Note that lxml is probably a better option than BeautifulSoup for this kind of task nowadays, for the reasons given by BeautifulSoup's author.

edited Mar 07 '11 at 10:03

answered Mar 07 '11 at 09:39

Mark Longair

446,582
72
411
327

+1: for using a real parser. `lxml.html.rewrite_links()` is a simpler alternative http://stackoverflow.com/questions/5217760/find-and-append-each-reference-to-a-html-link-python/5218837#5218837 – jfs Mar 07 '11 at 12:58
-1 for using an over-powerful tool that isn't necessary (in fact , I don't downvote, it's useless) – eyquem Mar 07 '11 at 13:56
@J.F. Sebastian: thanks for pointing that out - since you've added an answer using `rewrite_links()` I'll leave mine as is. – Mark Longair Mar 08 '11 at 21:06
@eyquem: Thanks for not actually downvoting, anyway. I did say in my answer "in case you need to do anything more complex or you might have badly formed HTML, etc.", which in my experience very often turns out to be the case. I take your point though. – Mark Longair Mar 08 '11 at 21:12
I hadn't payed enough attention to the condition under which you placed the code with lxml. With this modulation , I agree with you: to do simple tasks, use of simple tools as sed; and for harder ones, use of parsers is better. It's a real problem if XML/HTML are often badly formed: it prevents to use regexes with confidence, while they are perfectly powerful to catch very complicated patterns. **PS**: I wasn't really serious speaking of downvote: I don't think I am enough skilled in Python to put downvotes on far better coders than me. It was a manner to stress my opinion – eyquem Mar 08 '11 at 21:44

score 1 · Answer 2 · answered Mar 07 '11 at 09:31

You can use a function with re.sub:

def match(m):
    return '<a href="/home/fergus/wikiget' + m.group(1) + '">'

r = re.compile(r'<a\shref="([^"]+)">')
r.sub(match, yourtext)

An example:

>>> s = '<a href="/wiki/Absinthe">Absinthe</a>'
>>> r.sub(match, s)
'<a href="/home/fergus/wikiget/wiki/Absinthe">Absinthe</a>'

Paweł Nadolski · Accepted Answer · 2011-03-07T16:12:38.017

1

This is solution using re module:

#!/usr/bin/env python
import re

open('output.html', 'w').write(re.sub('href="http://en.wikipedia.org', 'href="/home/fergus/wikiget/wiki/Absinthe', open('file.html').read()))
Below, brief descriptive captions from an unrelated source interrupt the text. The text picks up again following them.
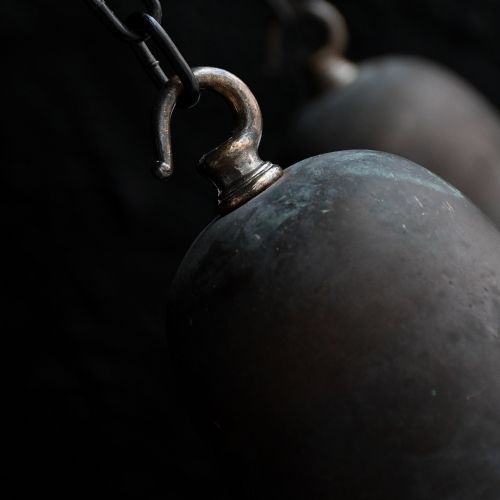 fig 6. A matched pair of Art Deco pendant lights featuring large white opal glass shades topped with bell-shaped copper galleries and hanging chains.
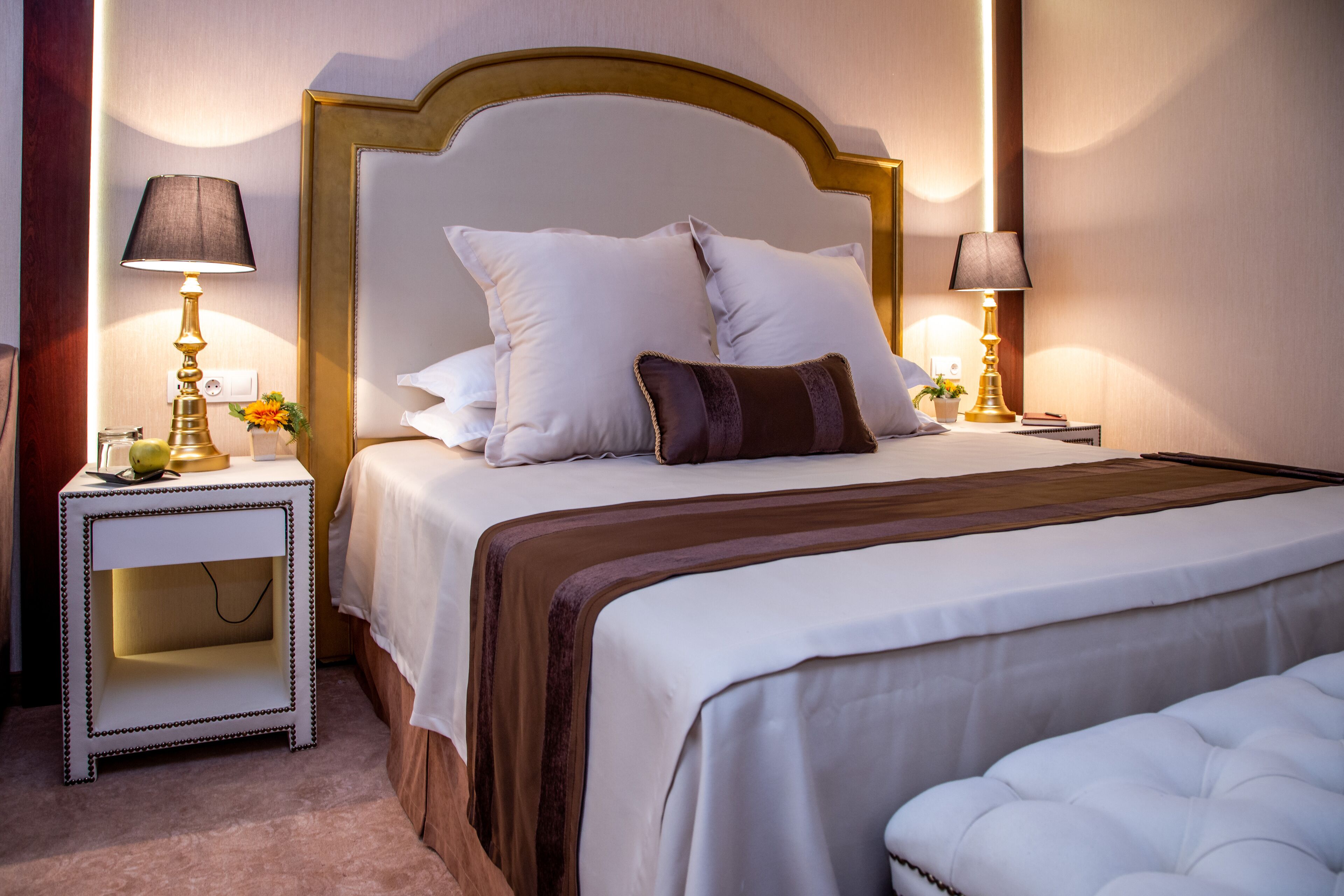 Een netjes opgemaakt bed met wit en bruin beddengoed, twee nachtlampen en een klein nachtkastje met een lamp en een bloemenvaas.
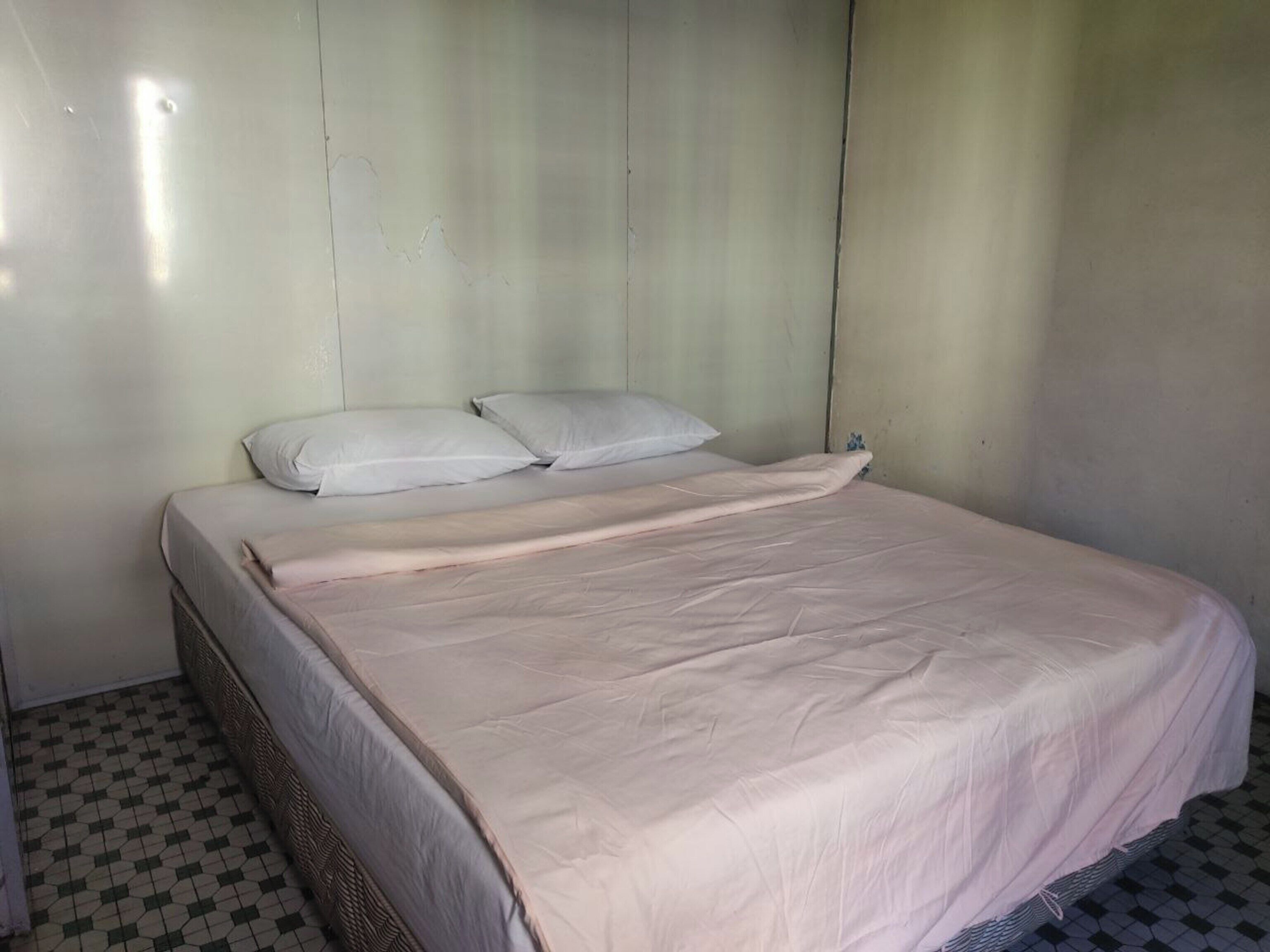Une chambre avec un lit simple, un oreiller blanc et un motif à carreaux sur le sol.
Here's another one without using re:

#!/usr/bin/env python
open('output.html', 'w').write(open('file.html').read().replace('href="http://en.wikipedia.org', 'href="/home/fergus/wikiget/wiki/Absinthe'))

edited Mar 07 '11 at 16:12

answered Mar 07 '11 at 09:40

Paweł Nadolski

8,296
2
42
32

@Fergus Barker, Pawel . Incoherent code: if you do an iteration on lines ``for line in ...`` it is because the file is so big that a treatment by line is obligatory. But **readlines()** treats the entire file in one time. So it must be ``for line in open('file.html')`` , or ``content = open('file.html').read()`` then ``out.write(re.sub('href="/wiki/Absinthe', 'href="/home/fergus/wikiget/wiki/Absinthe',content) `` but not a mix of the two . Moreover, to do what you do, **replace()** is enough ! ``out.write(content.replace('href="/wiki/Absinthe', 'href="/home/fergus/wikiget/wiki/Absinthe')) `` – eyquem Mar 07 '11 at 10:40
@eyquem You're right, incoherent and not efficient but simple and it works. Updated my comment to fix some of the issues you reported. – Paweł Nadolski Mar 07 '11 at 16:21

eyquem · Answer 4 · 2011-03-08T23:51:48.033

I would do

import re

ch = '<a href="/wiki/Absinthe">Absinthe</a>'

r = re.compile('(<a\s+href=")(/wiki/[^"]+">[^<]+</a>)')

print ch
print
print r.sub('\\1/home/fergus/wikiget\\2',ch)

EDIT:

this solution have been said not to capture tags with additional attribute. I thought it was a narrow pattern of string that was aimed, such as <a href="/wiki/WORD">WORD</a>

If not, well, no problem, a solution with a simpler RE is easy to write

r = re.compile('(<a\s+href="/)([^>]+">)')

ch = '<a href="/wiki/Aide:Homonymie" title="Aide:Homonymie">'
print ch
print r.sub('\\1home/fergus/wikiget/\\2',ch)

or why not:

r = re.compile('(<a\s+href="/)')

ch = '<a href="/wiki/Aide:Homonymie" title="Aide:Homonymie">'
print ch
print r.sub('\\1home/fergus/wikiget/',ch)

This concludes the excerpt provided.